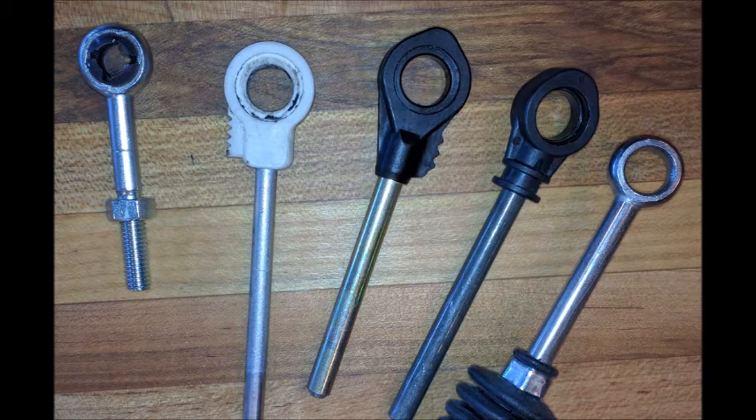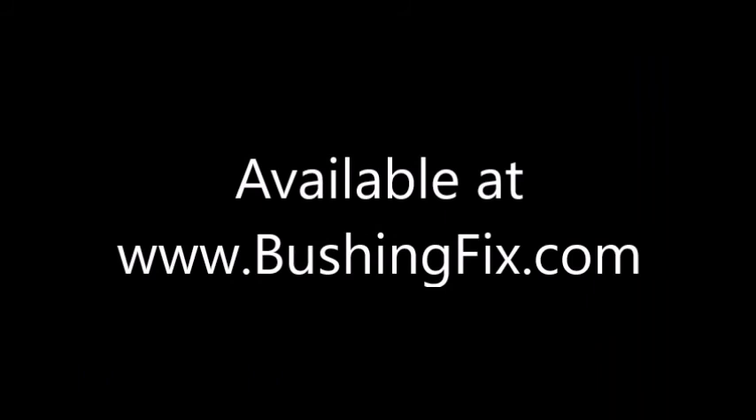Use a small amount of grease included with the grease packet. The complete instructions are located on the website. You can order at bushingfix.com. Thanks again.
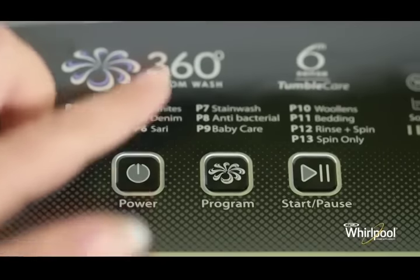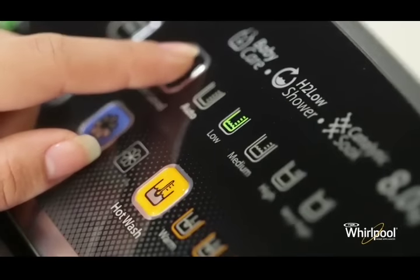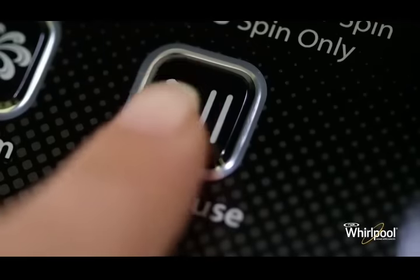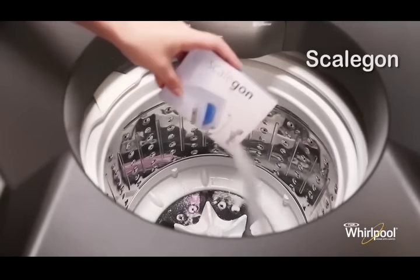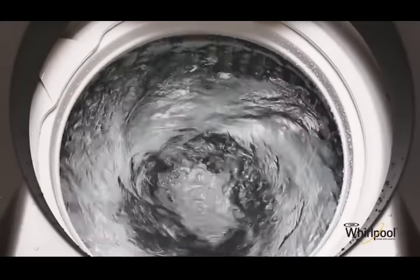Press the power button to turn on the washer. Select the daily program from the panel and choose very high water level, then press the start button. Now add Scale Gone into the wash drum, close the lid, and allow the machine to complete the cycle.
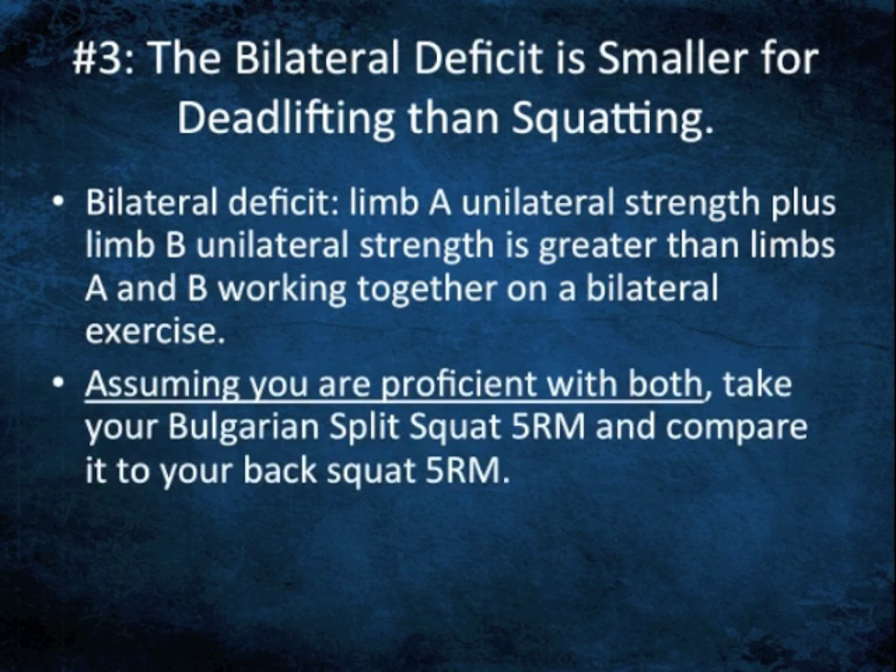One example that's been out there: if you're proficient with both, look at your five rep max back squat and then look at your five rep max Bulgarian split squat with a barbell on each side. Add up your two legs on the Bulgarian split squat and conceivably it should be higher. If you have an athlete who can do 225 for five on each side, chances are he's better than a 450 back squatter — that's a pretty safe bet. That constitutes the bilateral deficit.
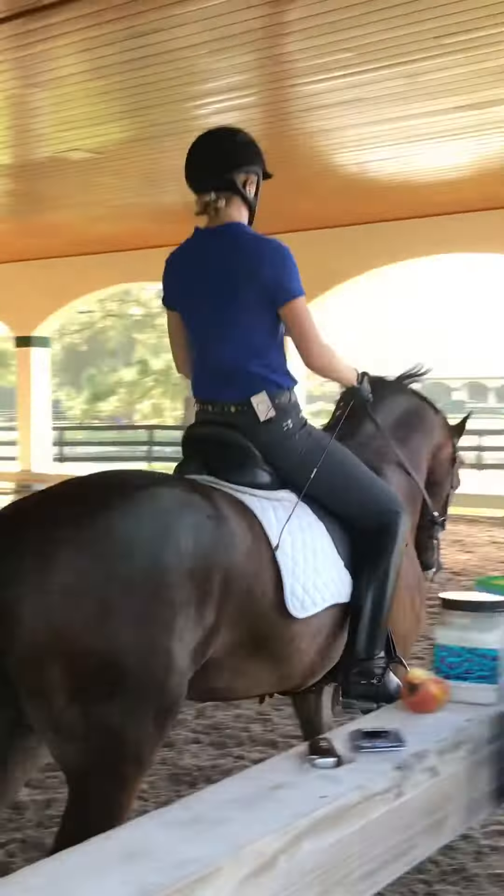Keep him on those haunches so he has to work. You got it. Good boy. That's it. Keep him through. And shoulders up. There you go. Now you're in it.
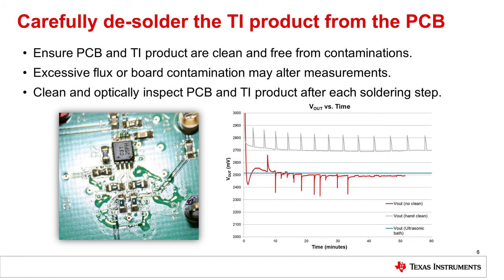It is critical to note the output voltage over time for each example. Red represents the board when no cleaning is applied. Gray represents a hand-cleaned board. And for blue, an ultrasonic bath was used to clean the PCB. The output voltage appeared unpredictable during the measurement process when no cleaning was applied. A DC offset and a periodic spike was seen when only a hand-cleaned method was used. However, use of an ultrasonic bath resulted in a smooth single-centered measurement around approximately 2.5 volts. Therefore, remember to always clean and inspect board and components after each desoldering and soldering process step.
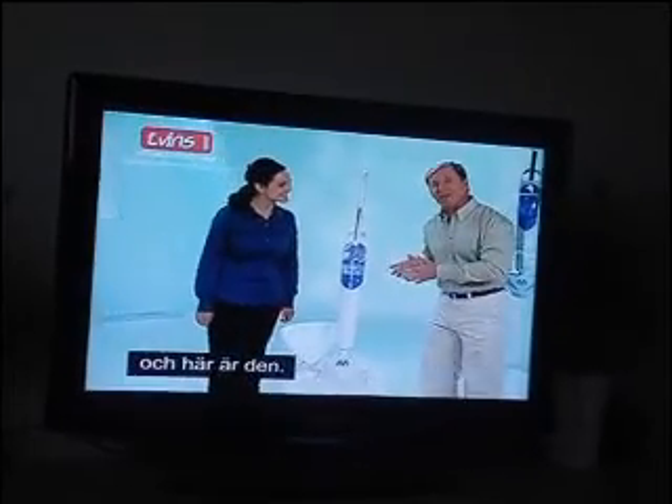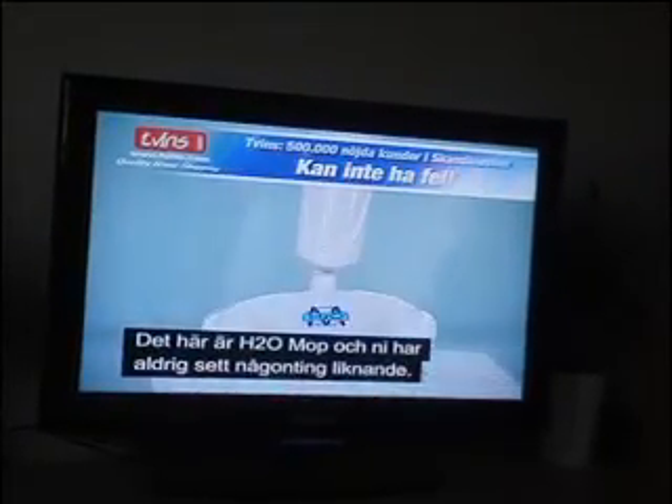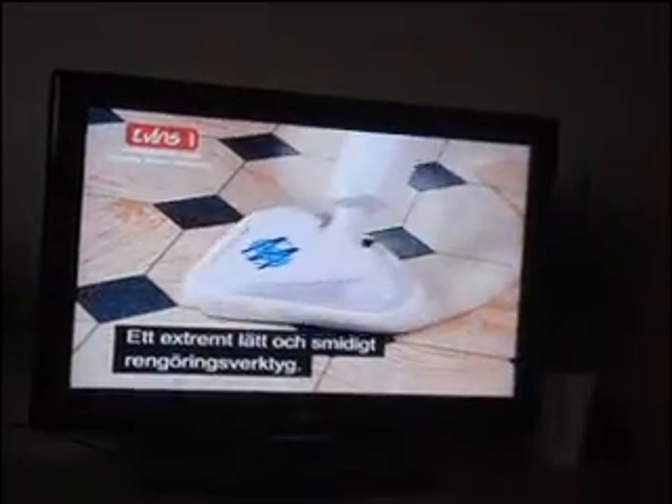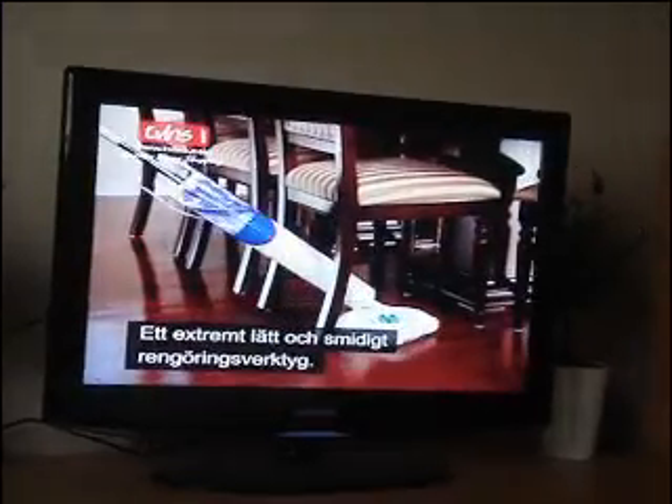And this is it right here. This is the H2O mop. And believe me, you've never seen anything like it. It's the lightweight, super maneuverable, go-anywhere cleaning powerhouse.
****
> WORK ITEM: Images are not wanted in the copy. Please print the material above exactly.

> WRITTEN ANSWER:
Use a small amount of grease included with the grease packet. The complete instructions are located on the website. You can order at bushingfix.com. Thanks again.
Press the power button to turn on the washer. Select the daily program from the panel and choose very high water level, then press the start button. Now add Scale Gone into the wash drum, close the lid, and allow the machine to complete the cycle.
One example that's been out there: if you're proficient with both, look at your five rep max back squat and then look at your five rep max Bulgarian split squat with a barbell on each side. Add up your two legs on the Bulgarian split squat and conceivably it should be higher. If you have an athlete who can do 225 for five on each side, chances are he's better than a 450 back squatter — that's a pretty safe bet. That constitutes the bilateral deficit.
Keep him on those haunches so he has to work. You got it. Good boy. That's it. Keep him through. And shoulders up. There you go. Now you're in it.
It is critical to note the output voltage over time for each example. Red represents the board when no cleaning is applied. Gray represents a hand-cleaned board. And for blue, an ultrasonic bath was used to clean the PCB. The output voltage appeared unpredictable during the measurement process when no cleaning was applied. A DC offset and a periodic spike was seen when only a hand-cleaned method was used. However, use of an ultrasonic bath resulted in a smooth single-centered measurement around approximately 2.5 volts. Therefore, remember to always clean and inspect board and components after each desoldering and soldering process step.
And this is it right here. This is the H2O mop. And believe me, you've never seen anything like it. It's the lightweight, super maneuverable, go-anywhere cleaning powerhouse.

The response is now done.